THE TASK:
A word-for-word copy of every entry below is required; the images do not belong in it.

EXCERPTED DATA:
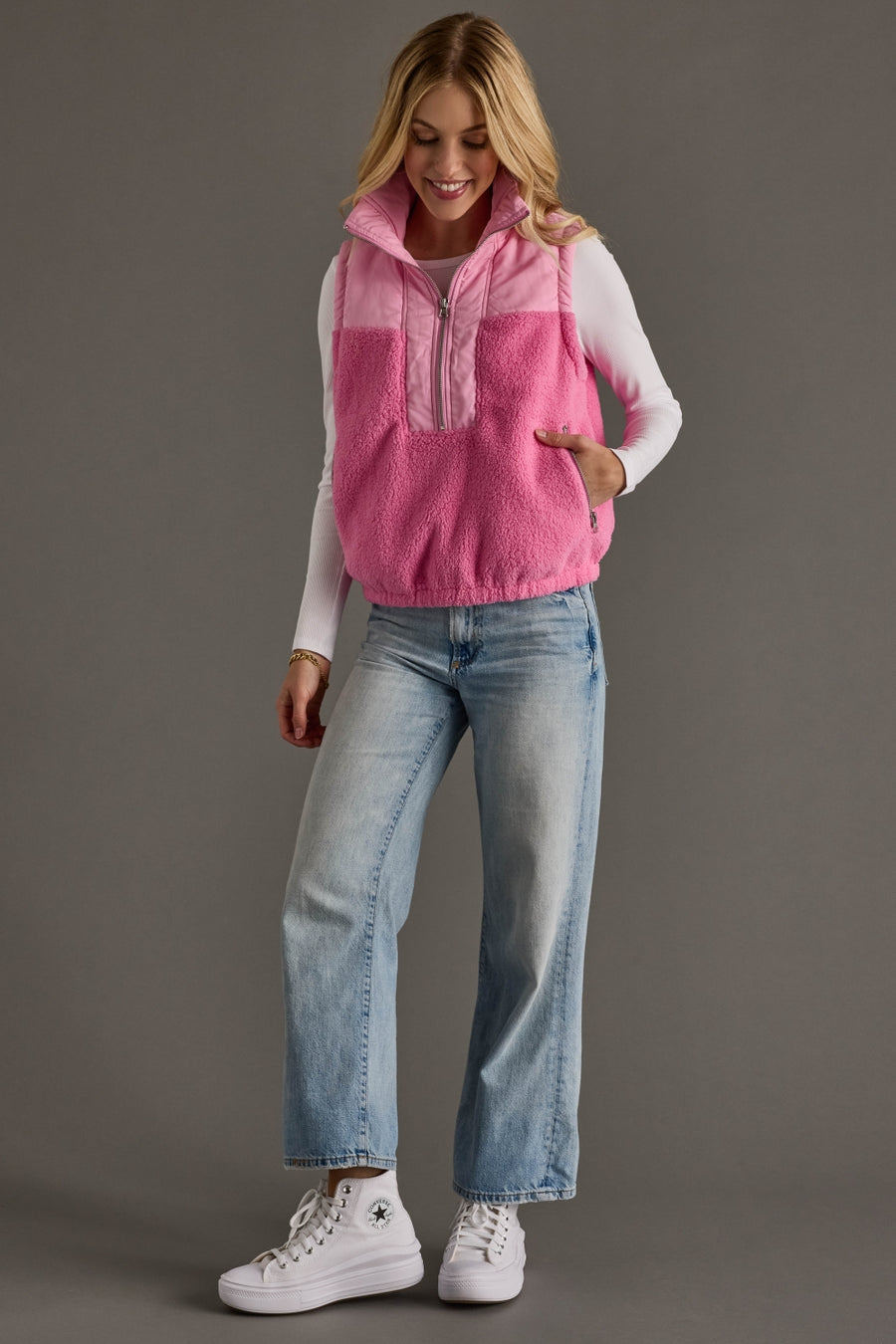 Woman wearing a pink fleece vest over a white long-sleeve shirt, blue jeans, and white sneakers on a gray background.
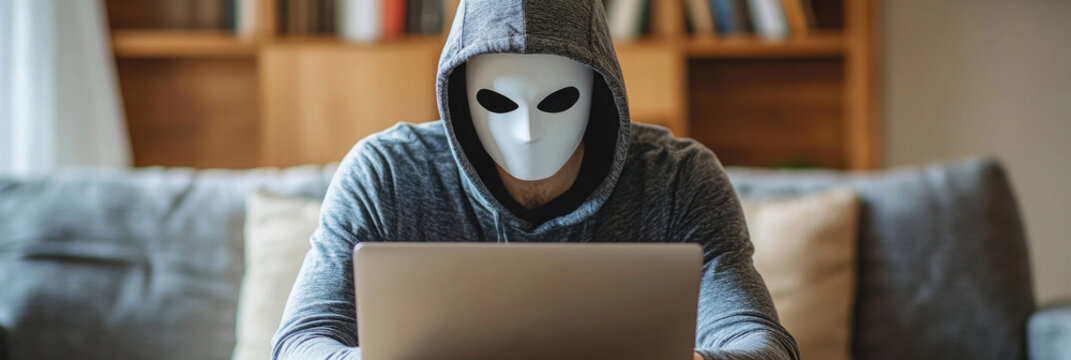 Anonymous figure focused on laptop with a mask sitting in a cozy living room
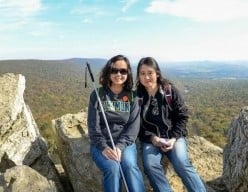 Harriet, cane in hand, and her sister Heather of team H&H go sitting at the top of a mountain trail with a view of a valley behind them.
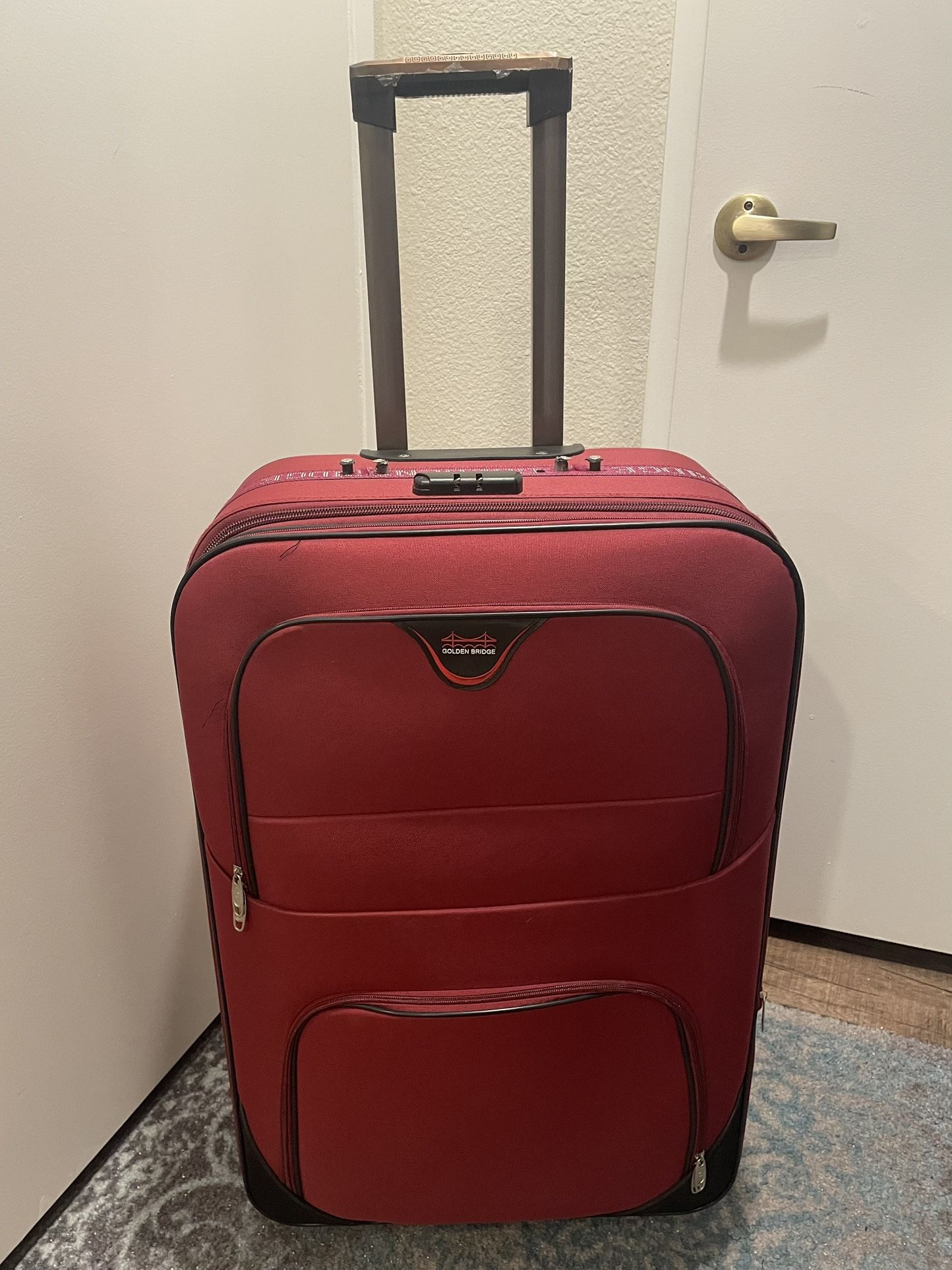 Red Suitcase Apx 29” X 19” X 12”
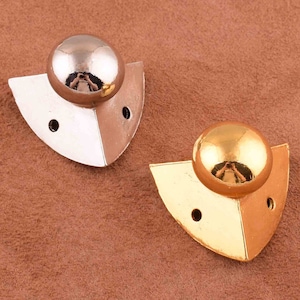 May include: Two metal corner protectors with a rounded, shiny finish. One is gold and the other is silver.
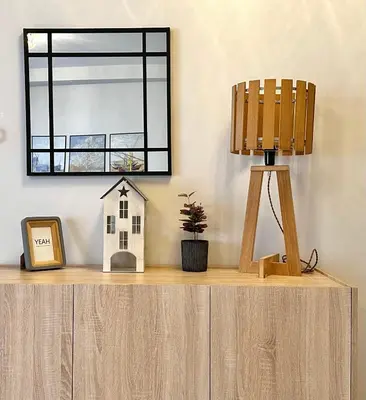 a mirror on top of a wooden dresser with a lamp at Dafni City Apartment 1 in Athens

RESPONSE AREA:
 Woman wearing a pink fleece vest over a white long-sleeve shirt, blue jeans, and white sneakers on a gray background.
 Anonymous figure focused on laptop with a mask sitting in a cozy living room
 Harriet, cane in hand, and her sister Heather of team H&H go sitting at the top of a mountain trail with a view of a valley behind them.
 Red Suitcase Apx 29” X 19” X 12”
 May include: Two metal corner protectors with a rounded, shiny finish. One is gold and the other is silver.
 a mirror on top of a wooden dresser with a lamp at Dafni City Apartment 1 in Athens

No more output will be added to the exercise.